Our African partners in water ‘software’ have arrived

We welcome Dickens Kamugisha (AFIEGO), Sena Alouka (JVE Togo), Christian Hounkannou (JVE Benin), Ken Kinney (The Development Institute), Robert Kugonza (NAPE), Serah Munguti (Nature Kenya), Halinishi Yusuf (ELCI) and Abby Onencan (Nile Basin Discourse). They have all been working on participatory watermanagement in the countries they come from, and we've invited them to come to the Netherlands to see how they can join forces. 

Water stress

Water is scarce, globally one out of every six people have no adequate access to clean water. Water stress increases in Africa, driven by climate change and rising demand from economic development.
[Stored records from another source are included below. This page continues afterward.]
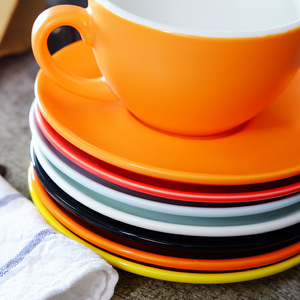 OEM Ceramic Coffee Cups 3/5/8/10/12oz Durability Colorful Matte Glossy Cappuccino <strong>Latte</strong> Espresso <strong>Mugs</strong> with Saucer Set Dish Spoon - Product Image 4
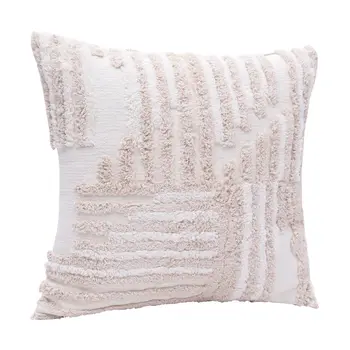 22" Beige and White Geometric Cotton Throw Pillow With Texture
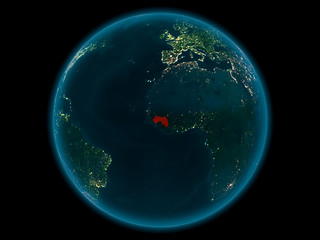 Guinea on planet Earth in space at night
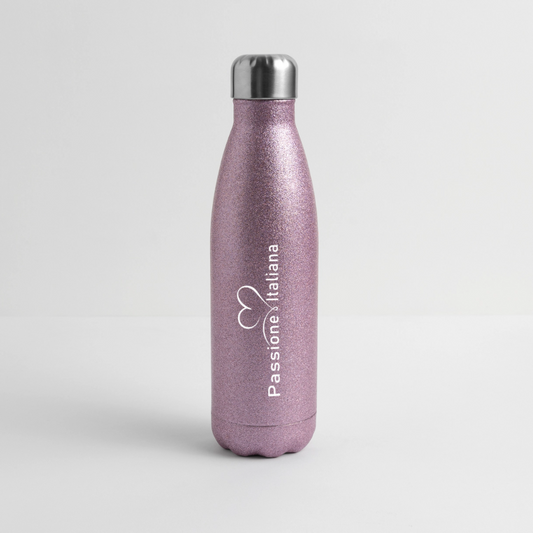 Glitzernde Edelstahl-Thermosflasche mit Herzsymbol und „Passione Italiana“-Schriftzug – 500 ml, mit Schraubverschluss, stilvoll & funktional - Pink Glitzer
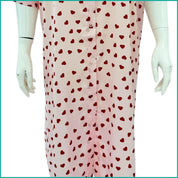 Mini Heart Ladies Sleepwear Long Dress Satin Material - Pink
The Netherlands is a top exporter of technical water engineering; we export dredging, dam- and port construction and make billions of profit.

 

The all important ‘software’

Together with our partners, Both ENDS exports beyond this engineering. After all, water stress cannot be solved by using the ‘hardware’ alone. The ‘software’ is just as important: how to share water in a fair way with all parties involved, how to arrange water management, and how to keep water clean accessible and available for everyone, now and in the future.

 

Lunch

On Wednesday the 5th of february we have lunch at the Ministery of Foreign Affairs in the Hague. Two of our partners will present their cases to a selected audience of more than fifty interested and influential guests. We have put the all the cases of our partners in a handout.

 

Africa on the IJssel
Thursday the 6th we go on a field trip to a Dutch water surplus area of the river IJssel near Zutphen, where the Dutch "polder" way of water management can be illustrated. The magic words in a good approach are participation, negotiation and compensation, which are crucial in dealing with the fair management of water and allocation of land use. Together we call this the 'Negotiated Approach’.